There are days on this magical adventure when I feel that everything is going so wondrously right. I have a few special meetings with incredible people or a series of phone calls where pieces of the grand puzzle fall miraculously into place; maybe we make powerful progress one day on conceptualizing the first music video and the path forward to tangible success is deliciously clear … I crawl into bed just radiating with optimism.
And then there are those Thursdays when I wake up and realize I basically haven’t left my office-apartment since Monday. I’ve been catching up on seemingly endless email, mucking about in the logistics of survival and sustainability. There hasn’t been one game-changing phone call, nothing I’m doing seems to be leading anywhere useful, and I can’t see a potential breakthrough moment for Ash Ruiz’s music project for at least the next 4 months. … So I just kinda feel like there’s a whole lot of movement, but essentially no progress. I start questioning either what I’m doing or at least how I’m doing it.

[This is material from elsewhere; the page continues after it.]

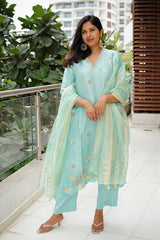 Sunitha Scharma In Aqua Blue Embellished Organza Silk Suit Set - Chinaya Banaras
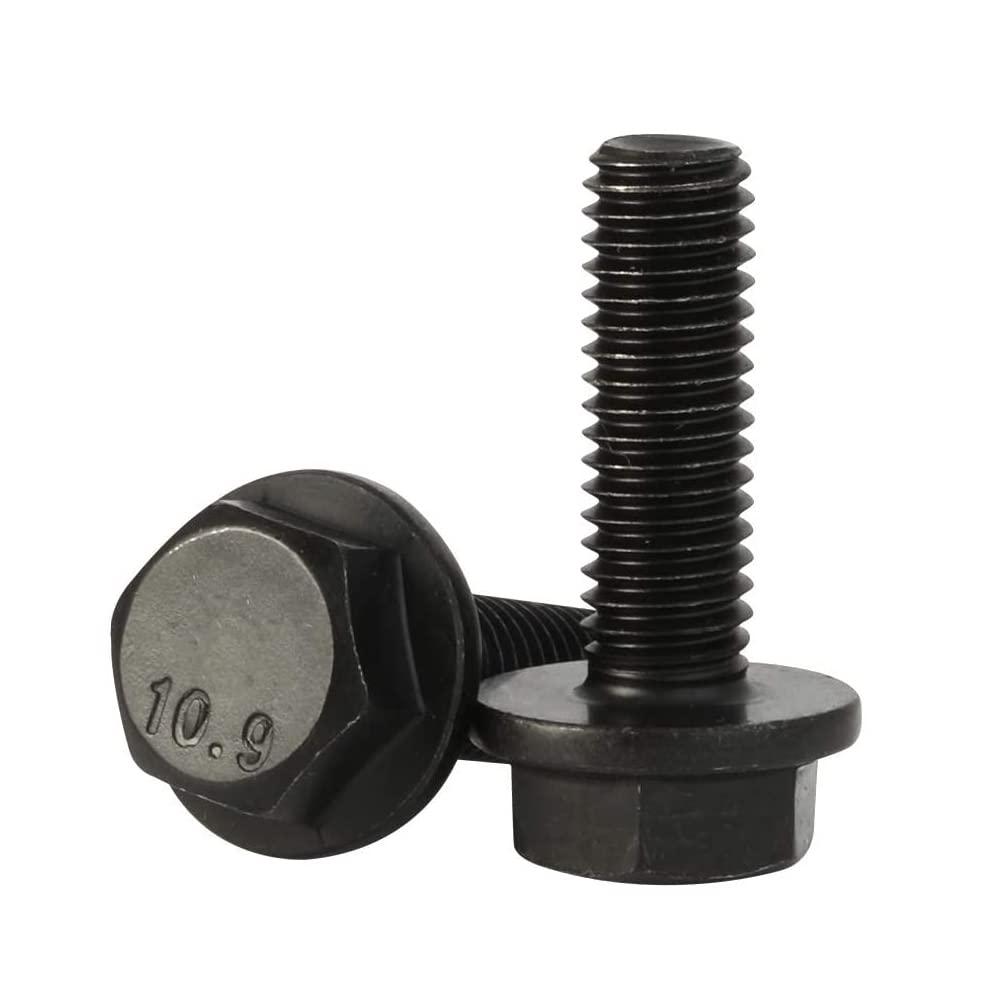 M8 x 30mm Flanged Hex Head Bolts Flange Hexagon Screws, Full Thread, Alloy Steel, Black Oxide Finish, Quantity 15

I go through those gyrations all the time.
There are literally sunny moments when I see completely that everything is unfolding in beautifully, unassailably, deliciously, unimaginably, joyously, blissfully perfect order. And thank you Life for choosing me.
Then a haze just as suddenly descends inside which I may lose all sense of direction and purpose. Well, it’s perhaps not THAT dramatic; I don’t lose ALL sense of direction and purpose. I confess I do enjoy exaggerating for the sake of poetry and storytelling flair.
Anyway, uncertainty can unnerve my “Tiger-Taurus” instinct for grounded stability at times. Especially when my bank account is only diminishing and I just paid $95 to fill my gas tank three days after I paid $85 to do the same.
A big part of me wants to know that what I’m doing today matters; that my actions and choices are effectively taking me towards fulfilling the dreams I dream.
Yet I know I don’t ever really get to know whether what I’m doing in this moment is leading me where I hope it’s leading me. Truly, I just don’t ever get to know.
I have learned over the years to be more comfortable with uncertainty. I highly recommend cultivating this trait, since uncertainty is the constant reality we’re all living with anyway, whether or not we’re aware of it.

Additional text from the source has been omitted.